What Your Daughter (and You) Can Learn from "The Hunger Games"

When my 12-year-old daughter introduced me to The Hunger Games last year, I was immediately hooked. Suzanne Collins's dystopian trilogy has been a huge bestseller for tweens, teens, and their parents; critics and fans alike are already predicting that the movies will be the next Twilight or Harry Potter. And unlike those two series, at its core is an unapologetically powerful female hero.
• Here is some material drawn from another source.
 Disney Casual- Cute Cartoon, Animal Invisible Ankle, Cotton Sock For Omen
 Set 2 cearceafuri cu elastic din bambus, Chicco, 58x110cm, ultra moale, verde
Katniss Everdeen (Jennifer Lawrence of Winter's Bone), like some futuristic Artemis the Huntress, is a moral and ethical teaching tool on swift, muscular legs. The consequences of the tough decisions she is constantly weighing are often dire. Katniss is drafted by her oppressive government to "entertain" her fellow citizens in a kill-or-be-killed Survivor-style spectacle ... starring children. For 16-year-old Katniss, life isn't a Disney teen chewy of peer pressure and meet-cute crushes. Since her widowed mother (Paula Malcomson) and her sister, Prim (Willow Shields), depend on her for their survival, she can't afford a shred of narcissism. The movie does have some disturbing violence, it's true, but it also yields a number of strong lessons for kids -- and their parents. Such as ...
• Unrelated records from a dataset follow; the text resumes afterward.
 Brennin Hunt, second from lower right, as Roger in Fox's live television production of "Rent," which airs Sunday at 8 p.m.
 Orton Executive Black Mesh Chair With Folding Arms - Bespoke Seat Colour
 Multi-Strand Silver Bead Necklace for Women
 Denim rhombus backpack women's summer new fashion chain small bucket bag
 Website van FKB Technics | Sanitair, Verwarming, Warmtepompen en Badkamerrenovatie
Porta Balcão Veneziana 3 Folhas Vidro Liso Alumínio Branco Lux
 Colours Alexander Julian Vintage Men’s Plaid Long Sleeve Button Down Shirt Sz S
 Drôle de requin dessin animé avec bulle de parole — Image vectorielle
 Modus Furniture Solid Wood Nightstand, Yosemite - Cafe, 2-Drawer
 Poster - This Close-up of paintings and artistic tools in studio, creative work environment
Sisterhood Sometimes Requires Strength and Sacrifice
Many of Katniss's finest actions are set into motion to protect her younger sister from pain and hardship. As anyone who has seen the trailer knows -- much less avid readers -- the Capitol selects fragile youngster Prim to join the other 23 youthful "Tributes" selected for the big televised battle. Katniss immediately volunteers, trading her life for that of her sister. The cost? Potentially death. At best, she's going to have to kill a lot of strangers to survive.

Loyalty Can Be Hard
Being true in word and deed seems clear-cut enough in theory: Don't sell out your mother, your brother, your best friend, your ... fill in the blank. The challenge is prioritizing loyalties in difficult times (see Sophie's Choice). Katniss has conflicting loyalties -- at home, because her mother had an emotional collapse after her father died in a coal mine, Katniss has become the primary caregiver in the family. At times, in order to safeguard Prim, and because she is angry at the way this shortchanges her own youth, Katniss makes choices between her mother and her sister that sacrifice her mother. Similarly, she wants to be loyal to her best friend, Gale (Liam Hemsworth, The Last Song), but in the arena she is thrown in with Peeta (Josh Hutcherson, The Kids Are All Right), and only by playing a game of "star-crossed lovers" does the pair have any chance of returning home alive. To Gale, it seems like a breach of loyalty, and even Katniss suffers from the apparent betrayal -- but she makes a choice and acts on it.

Take Responsibility
Katniss consistently takes responsibility for her actions. She never blames Prim for her decision to become a Tribute. She poaches outside their district's electrified fence to feed her family, knowing that she alone will be punished for breaking the law. When she takes a younger tribute, Rue (Amandla Stenberg, Colombiana), under her wing during the games and her plan endangers the weaker competitor, Katniss feels remorse that she put Rue in harm's way. One of Katniss's challenges, having provided for her nuclear family for so long, is learning when to share responsibility. When do we own our situation, and when do we need to work as a team? In life, we are constantly shifting between personal responsibility and teamwork -- that is, those of us who aren't shirking or procrastinating or hoping someone else will do the right thing.

One clear lesson that emerges from The Hunger Games -- a lesson learned by our grandparents and great-grandparents during the Depression and by the survivors of last year's Japanese tsunami -- is that hard times build character. Difficult choices (stepping up to save your sister; pretending to love one boy because that will save your lives, even though it will hurt your true love; protecting and comforting a younger Tribute who can only survive if you don't) define Katniss as a character and, to some extent, all of us as human beings.

What I want to discuss with my daughter after taking her to see The Hunger Games is the central message that our actions define us. The reason that Katniss emerges as a role model is not because she has superpowers but because she struggles to do the right thing, for herself and for those she loves. Even when Katniss fails, she stumbles her way to the right actions. And that's a critical lesson in real-world survival that a mother can share with her daughter -- and still appreciate as an adult.